* PROBLEM DETAILS: Your copy of the entries must be exact, and it must not include the pictures.

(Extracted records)
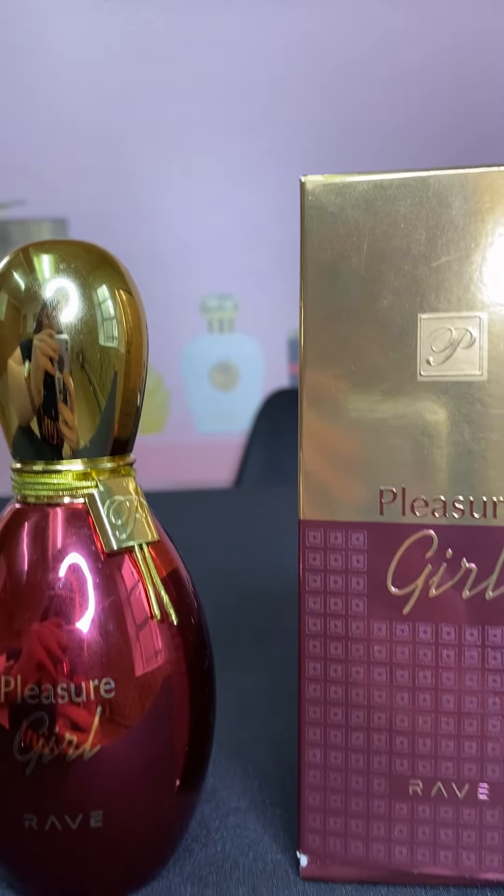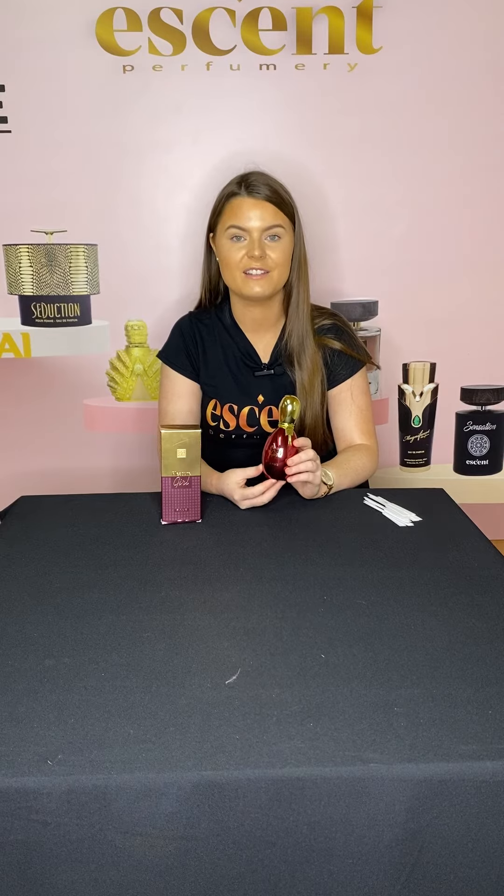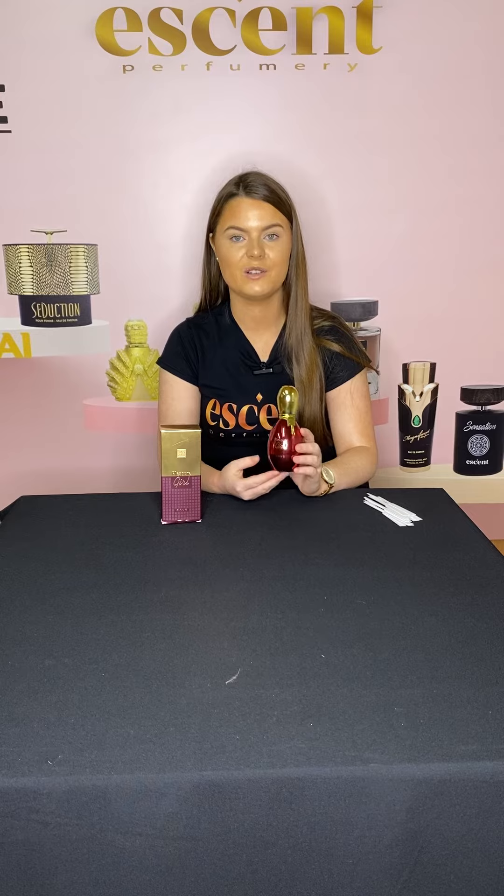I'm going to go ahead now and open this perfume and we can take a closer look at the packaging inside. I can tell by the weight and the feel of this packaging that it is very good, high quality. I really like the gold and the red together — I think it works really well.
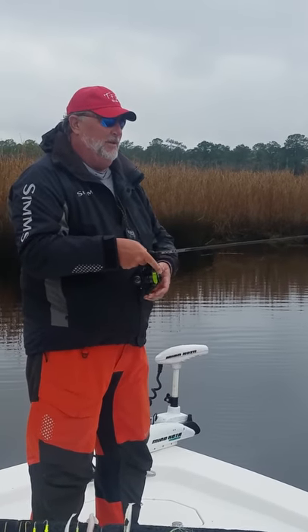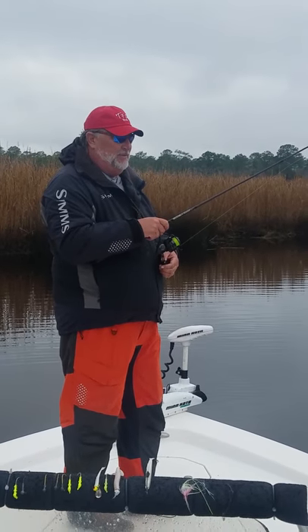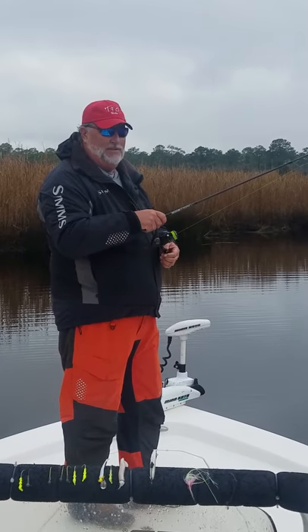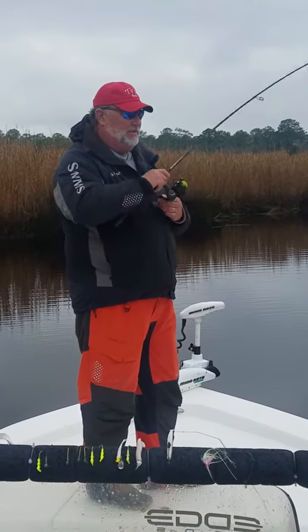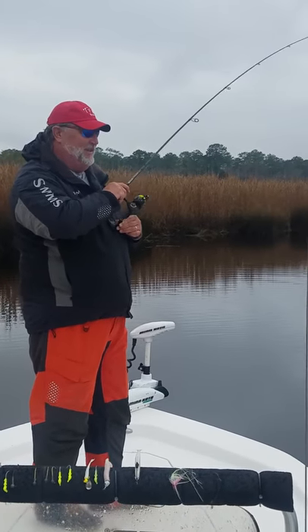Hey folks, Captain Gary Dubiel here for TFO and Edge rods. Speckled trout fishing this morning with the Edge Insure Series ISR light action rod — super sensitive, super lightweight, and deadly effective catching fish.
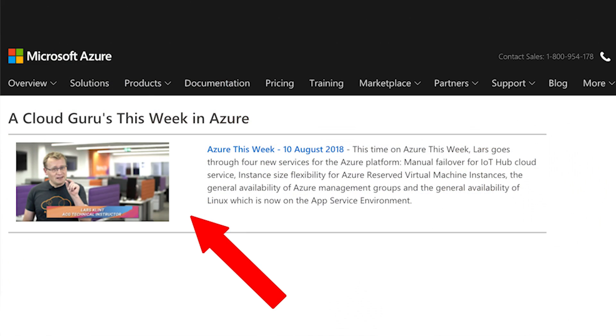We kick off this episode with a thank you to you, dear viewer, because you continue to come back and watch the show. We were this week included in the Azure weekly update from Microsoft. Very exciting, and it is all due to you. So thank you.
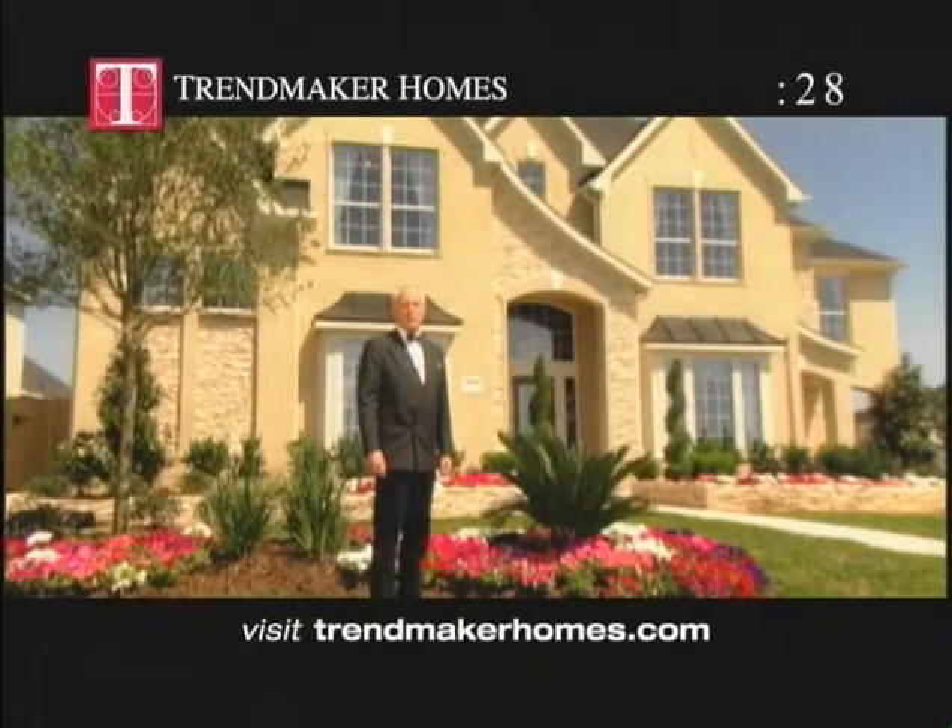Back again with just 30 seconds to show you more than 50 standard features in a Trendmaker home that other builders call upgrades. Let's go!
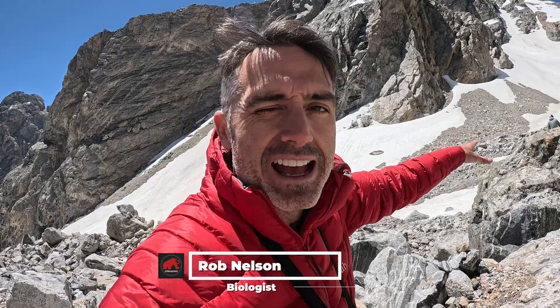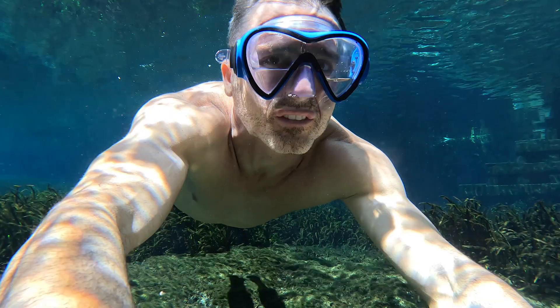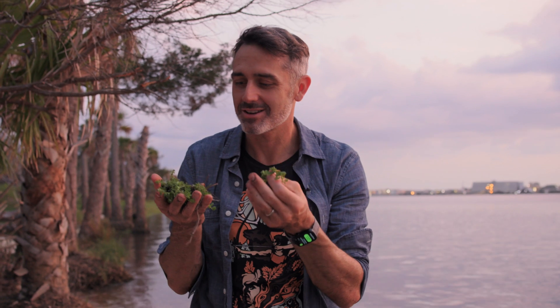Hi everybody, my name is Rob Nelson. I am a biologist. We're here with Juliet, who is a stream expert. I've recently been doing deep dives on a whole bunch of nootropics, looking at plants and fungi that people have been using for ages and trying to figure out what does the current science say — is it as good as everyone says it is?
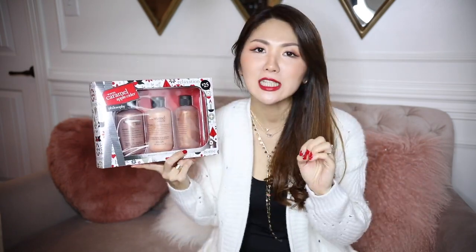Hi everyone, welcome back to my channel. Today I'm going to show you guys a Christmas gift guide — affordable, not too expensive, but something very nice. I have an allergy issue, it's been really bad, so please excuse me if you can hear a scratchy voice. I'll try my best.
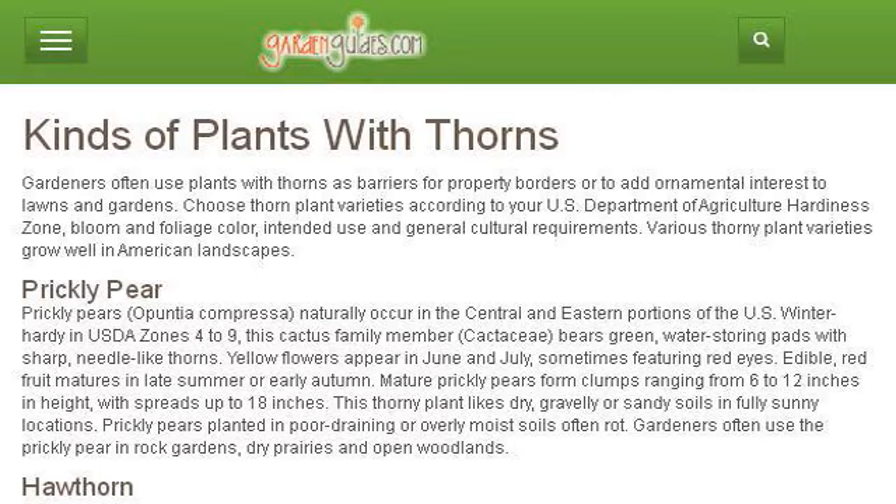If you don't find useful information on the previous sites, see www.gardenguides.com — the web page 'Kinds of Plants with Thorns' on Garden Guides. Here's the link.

* ANSWER TO THIS TASK:
I'm going to go ahead now and open this perfume and we can take a closer look at the packaging inside. I can tell by the weight and the feel of this packaging that it is very good, high quality. I really like the gold and the red together — I think it works really well.
Hey folks, Captain Gary Dubiel here for TFO and Edge rods. Speckled trout fishing this morning with the Edge Insure Series ISR light action rod — super sensitive, super lightweight, and deadly effective catching fish.
We kick off this episode with a thank you to you, dear viewer, because you continue to come back and watch the show. We were this week included in the Azure weekly update from Microsoft. Very exciting, and it is all due to you. So thank you.
Back again with just 30 seconds to show you more than 50 standard features in a Trendmaker home that other builders call upgrades. Let's go!
Hi everybody, my name is Rob Nelson. I am a biologist. We're here with Juliet, who is a stream expert. I've recently been doing deep dives on a whole bunch of nootropics, looking at plants and fungi that people have been using for ages and trying to figure out what does the current science say — is it as good as everyone says it is?
Hi everyone, welcome back to my channel. Today I'm going to show you guys a Christmas gift guide — affordable, not too expensive, but something very nice. I have an allergy issue, it's been really bad, so please excuse me if you can hear a scratchy voice. I'll try my best.
If you don't find useful information on the previous sites, see www.gardenguides.com — the web page 'Kinds of Plants with Thorns' on Garden Guides. Here's the link.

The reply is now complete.